Exercise:
In this exercise, copy exactly the lines from the one that contains "Dahlia (White) – Plant" through the end of the entries below; pictures are not copied.

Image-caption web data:
== Segment start ==

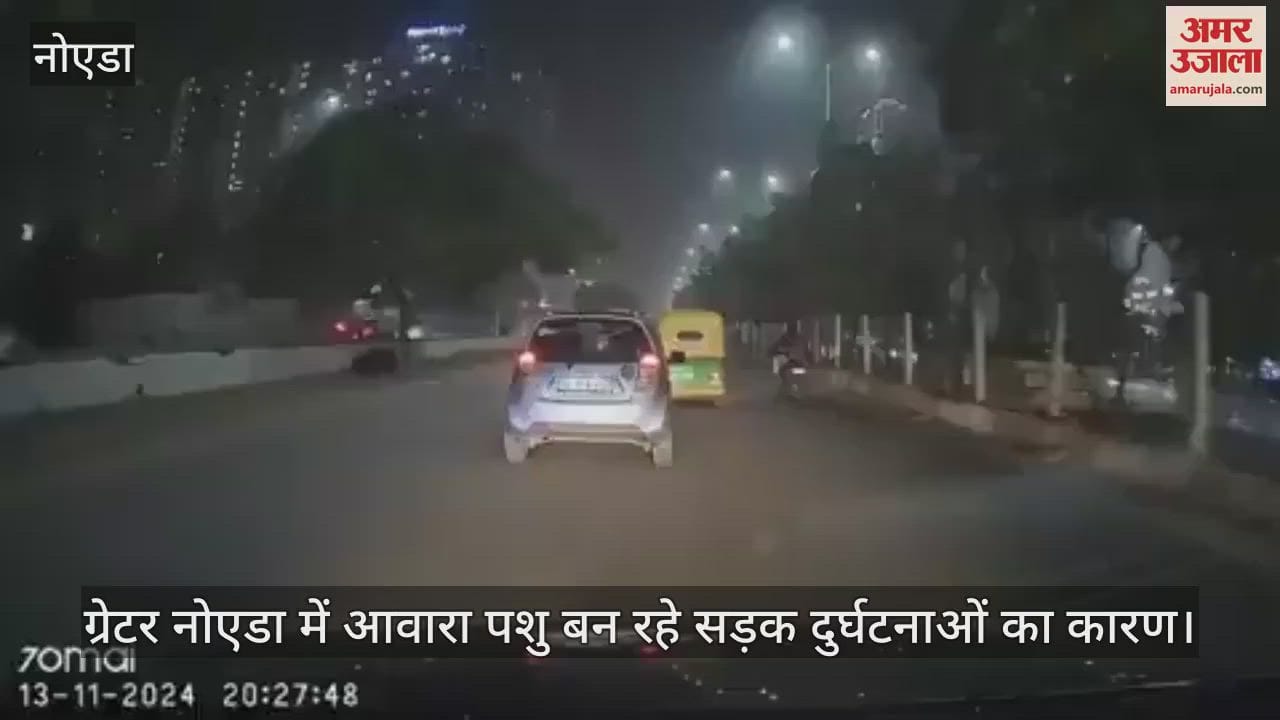 VIDEO : Bike rider injured after being hit by a roaming bull in Greater Noida video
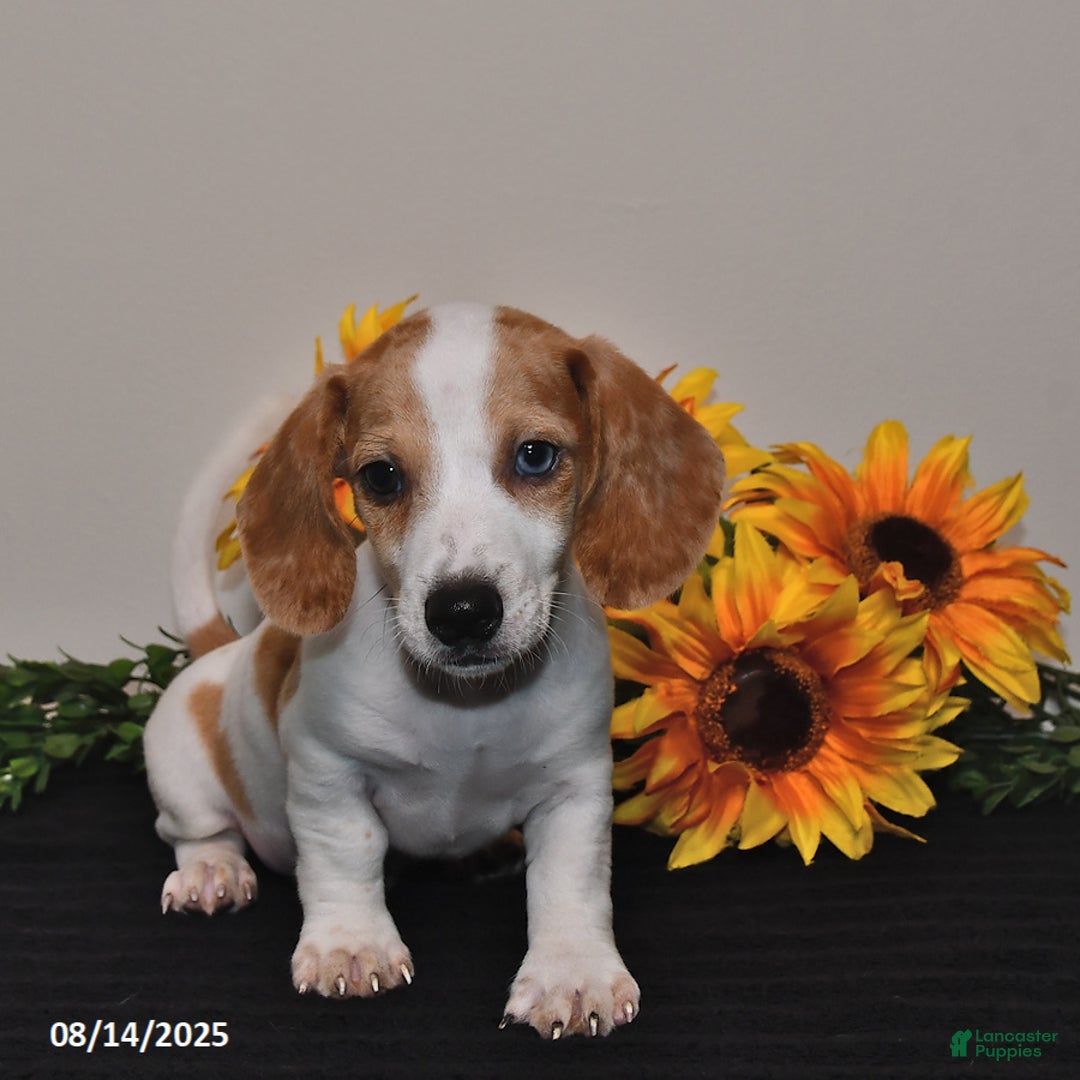 Miniature Dachshund dogs for sale: Oscar - Image 3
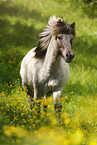 trotting Icelandic horse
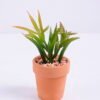 Artificial succulent 8.8*6*12cm succulent plants in terrecotta pot GS-51720073
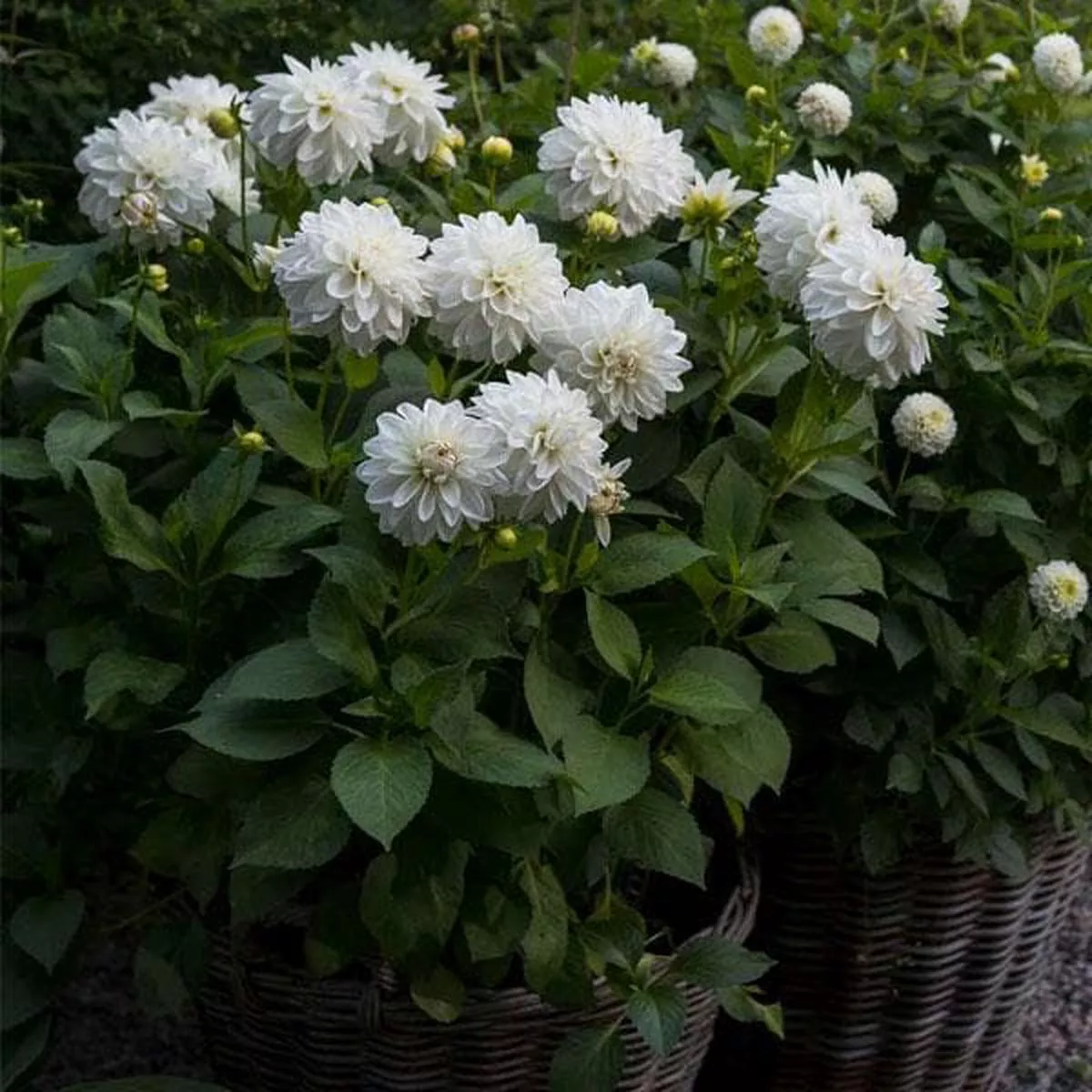 Dahlia (White) – Plant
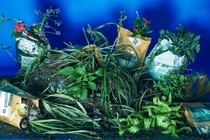 A still life of bags, dirt, and plants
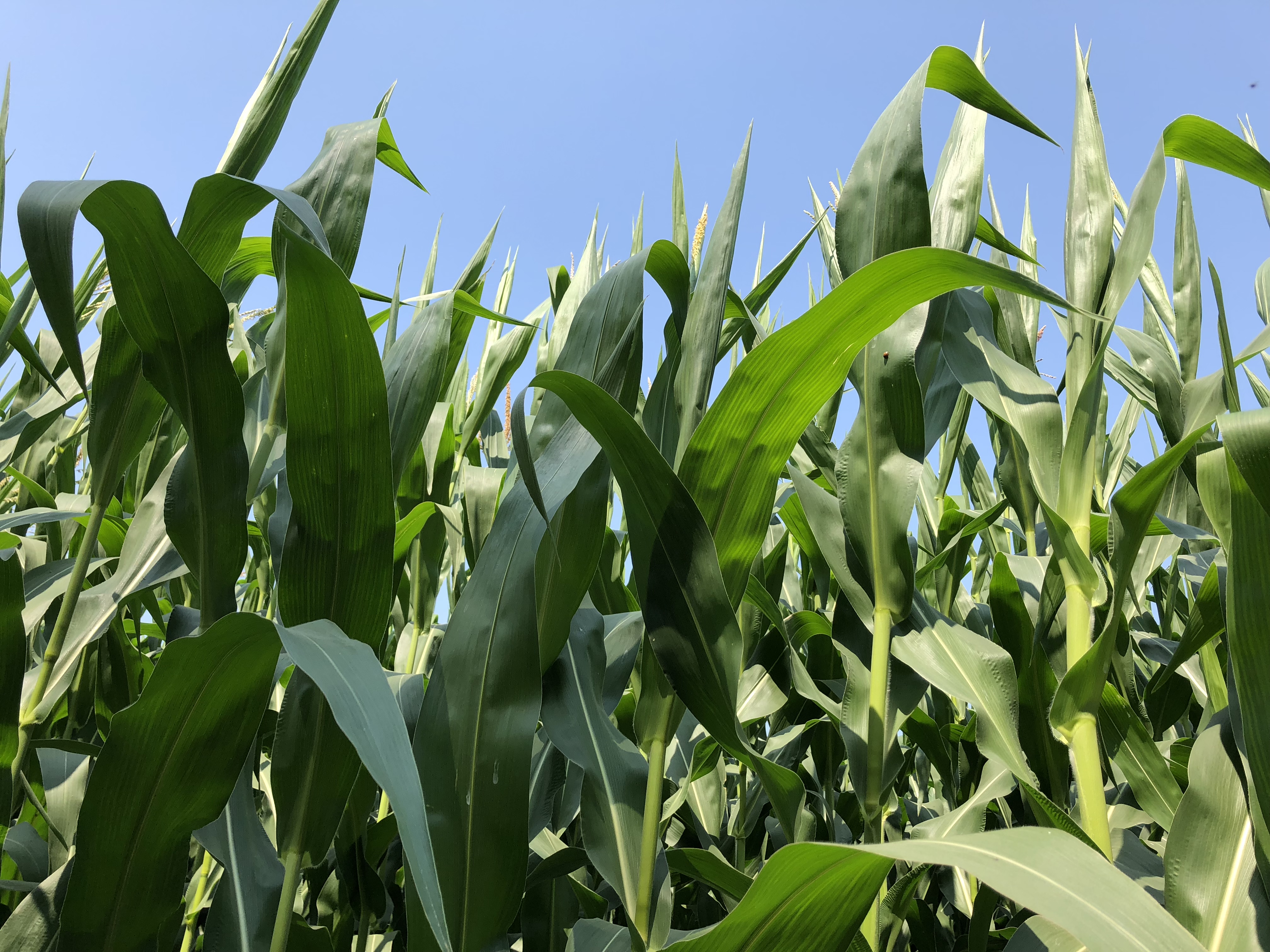 Colour photograph of corn stalks in a field.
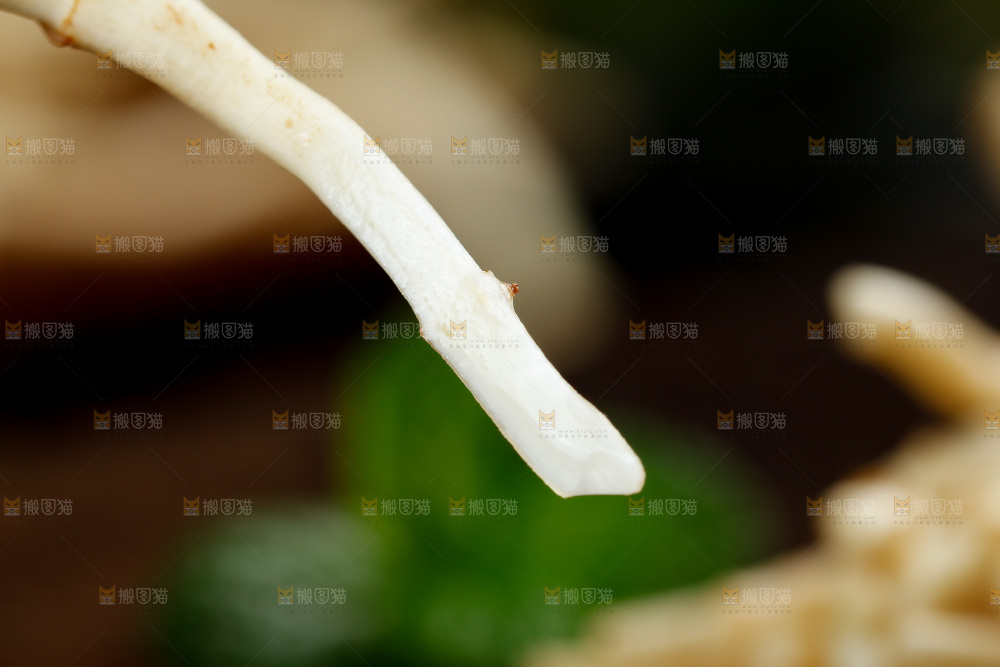深底上的折耳根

== Segment end ==

Finished task:
 Dahlia (White) – Plant
 A still life of bags, dirt, and plants
 Colour photograph of corn stalks in a field.
深底上的折耳根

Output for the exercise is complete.